The Cruiser That Got Shot by Its Own Fleet, Started a Revolution, and Became a Museum

October 21, 1904. The Russian 2nd Pacific Squadron was sailing through the North Sea on its way to fight Japan. The voyage was 18,000 miles. The officers were exhausted and paranoid. Intelligence reports — almost certainly fabricated — claimed Japanese torpedo boats were operating in European waters.

Then lookouts spotted small vessels in the dark off Dogger Bank. The battleships opened fire.

The targets were British fishing trawlers from Hull.

Aurora was sailing ahead of the main squadron.
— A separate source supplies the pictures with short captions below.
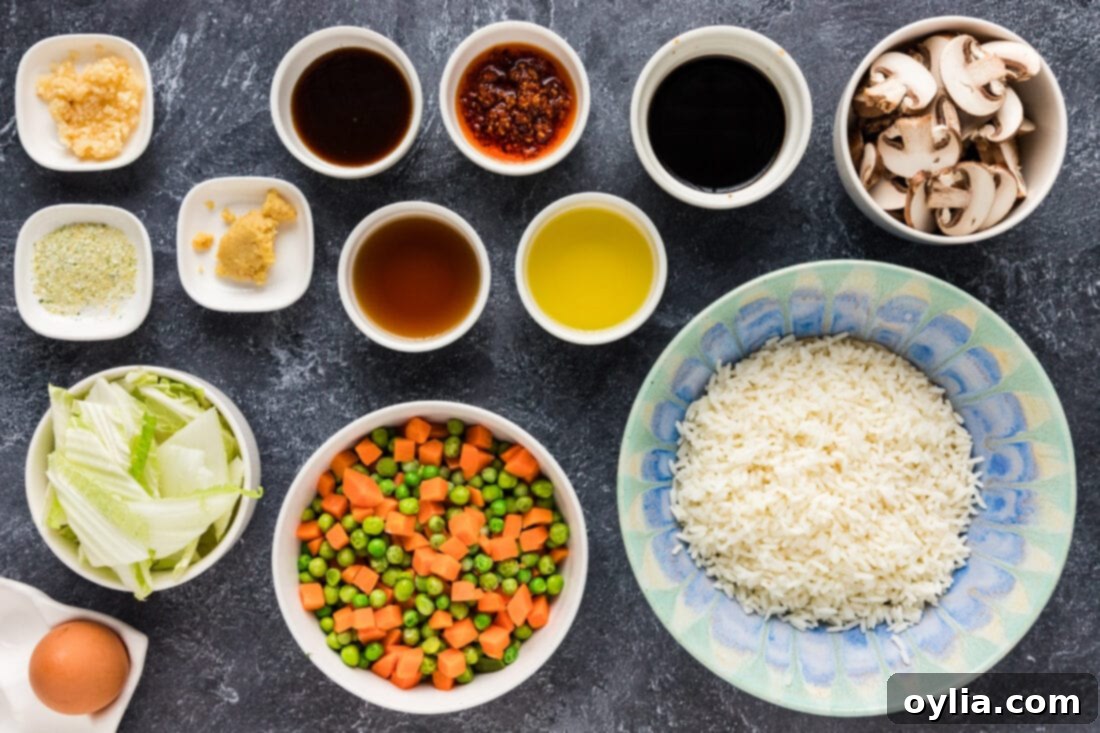 A flat lay photo showing various ingredients for Korean Fried Rice, including fresh vegetables, sauces, and rice.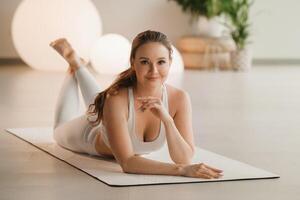 Portrait of a girl in white clothes lying on a mat before doing yoga indoors photo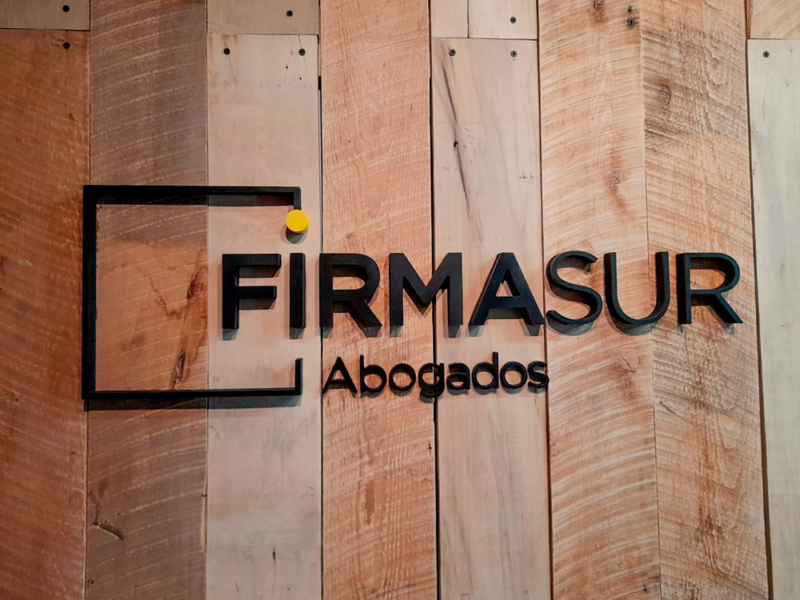 Firmasur — Logo Volumétrico pegado en pared de madera.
The battleships behind her couldn’t tell the difference between a Russian cruiser and a Japanese torpedo boat. She took several hits from her own fleet. The ship’s chaplain was killed. At least two sailors were wounded.
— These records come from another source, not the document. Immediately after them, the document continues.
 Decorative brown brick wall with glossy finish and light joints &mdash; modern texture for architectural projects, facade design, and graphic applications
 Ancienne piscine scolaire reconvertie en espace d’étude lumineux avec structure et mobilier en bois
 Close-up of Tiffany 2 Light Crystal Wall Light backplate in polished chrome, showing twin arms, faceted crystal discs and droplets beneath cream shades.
The trawler Crane was sunk. Two British fishermen died. Six more were wounded.

Britain was furious. The Royal Navy mobilized its Channel Fleet and Home Fleet. War between Russia and Britain suddenly seemed possible — over a fishing incident. The crisis went to an international tribunal at The Hague, which ruled Russia was at fault. Russia paid 65,000 pounds in compensation.

The squadron sailed on. Seven months later, Aurora reached the Battle of Tsushima. Captain Yegoryev was killed by a shell fragment during the battle. The cruiser took around ten hits, with roughly eighty wounded. She broke away from the catastrophic Russian defeat and limped to Manila, where the Americans interned her until the war ended.

Aurora went home.

Thirteen years later, on the evening of October 25, 1917 (Old Style calendar), Aurora was moored on the Neva River in St. Petersburg. Her crew had sided with the Bolsheviks. At 9:40 PM, she fired a single blank round from her bow gun.
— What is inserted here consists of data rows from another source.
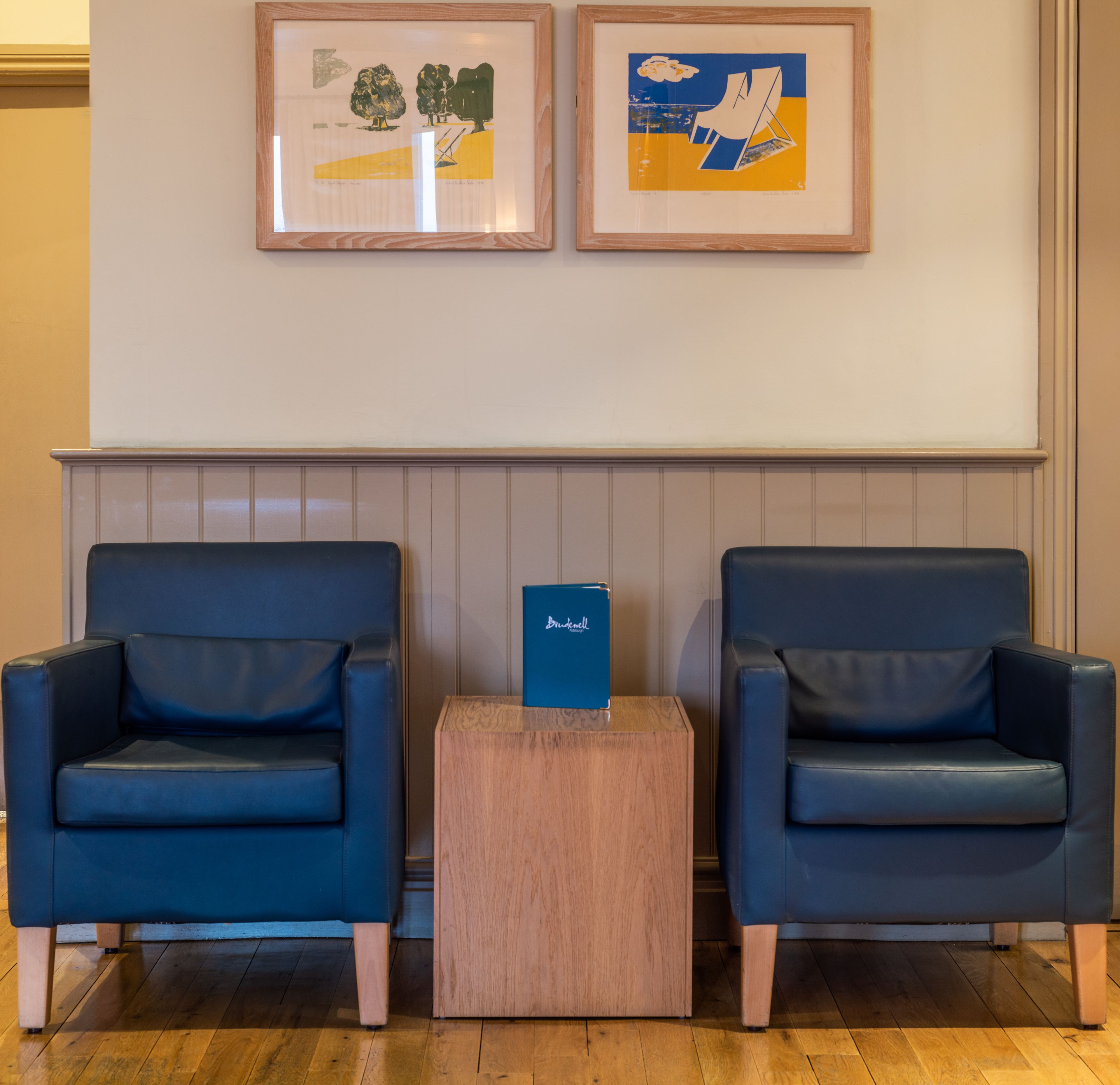 Deux fauteuils bleus, séparés par une petite table d’appoint en bois, une œuvre d’art encadrée au-dessus, et un mur lambrissé.
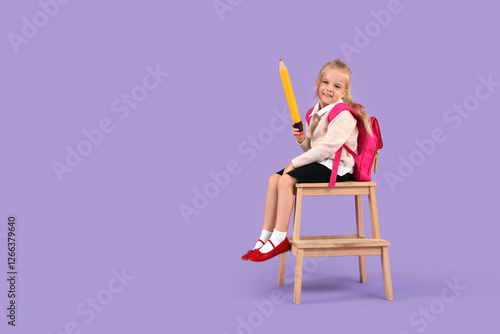 Cute little schoolgirl with...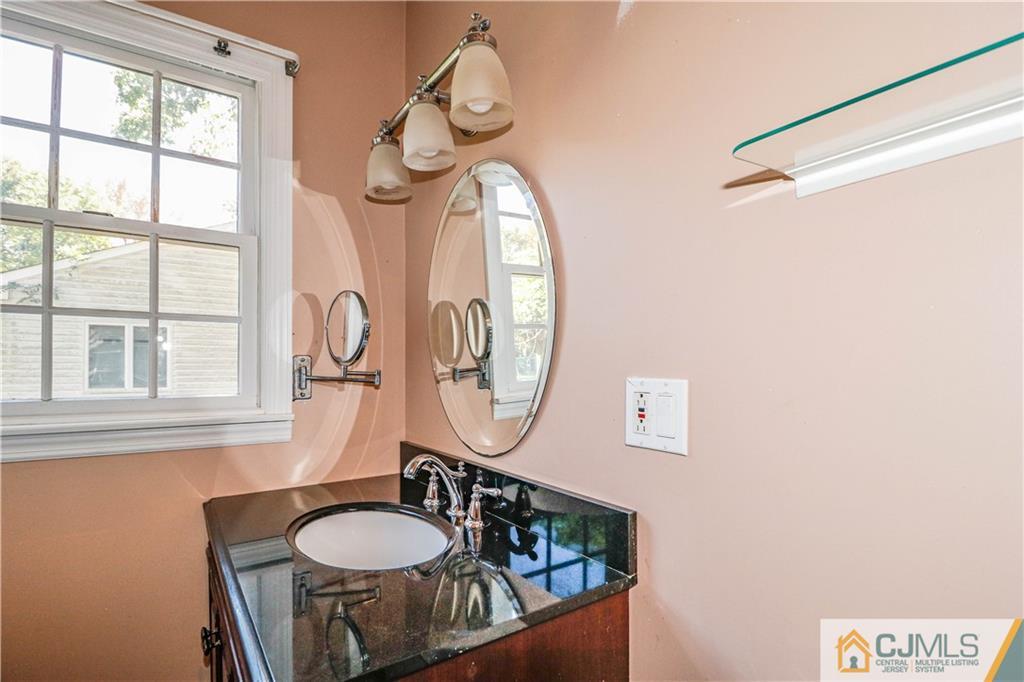 860 Grove Avenue Edison, NJ 08820 - Photo 15 of 22 a bathroom with a granite countertop toilet a mirror and a window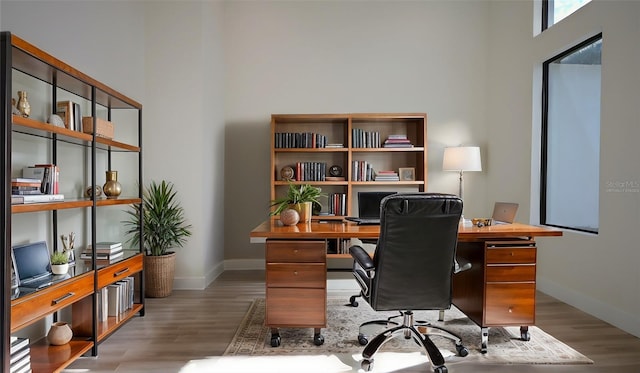 home office featuring wood-type flooring and a towering ceiling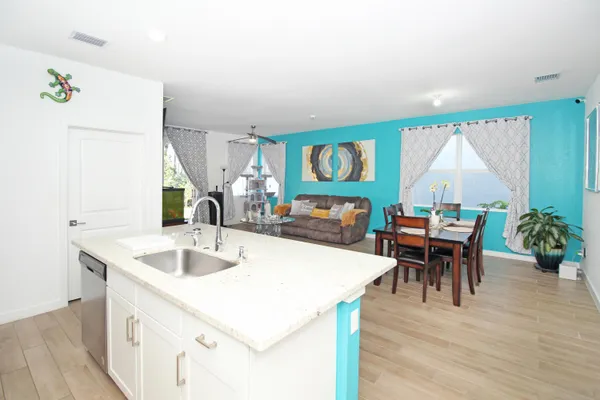 a kitchen with kitchen island granite countertop a sink a stove and refrigerator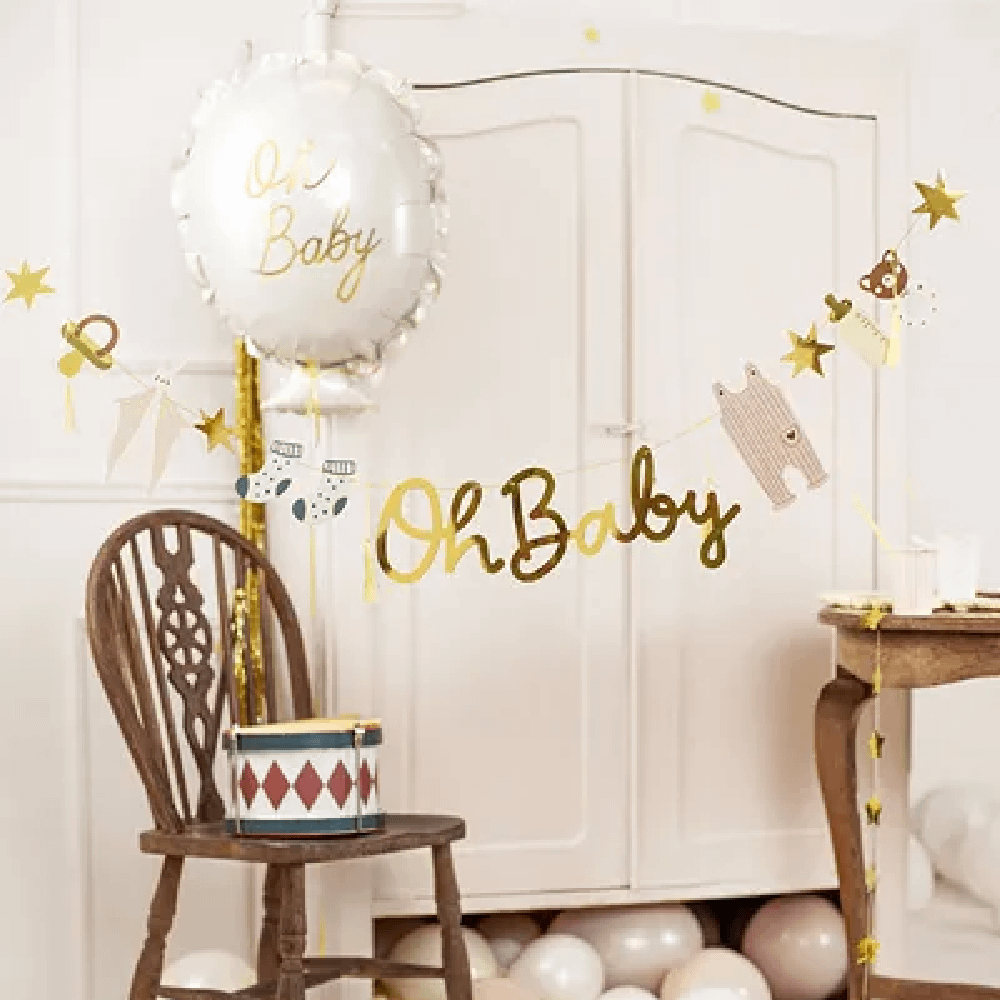 Slinger met de gouden tekst 'oh baby' hangt n een babykamer met beige en creme ballonnen en gouden sterretjes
That was the signal. Red Guards and soldiers began the assault on the Winter Palace. The Provisional Government fell. Soviet historians turned that one blank shot into the founding myth of the revolution. The reality was less dramatic — the “storming” was more of a gradual walk-in — but the shot became iconic.

Aurora never left Russia again. She’s been a museum ship since 1957, permanently moored on the Bolshaya Nevka in St. Petersburg, near the Nakhimov Naval Academy. She underwent a full restoration from 2014 to 2016. She still flies the Russian naval ensign.

One ship. Friendly fire, Tsushima, a revolution, and a permanent address.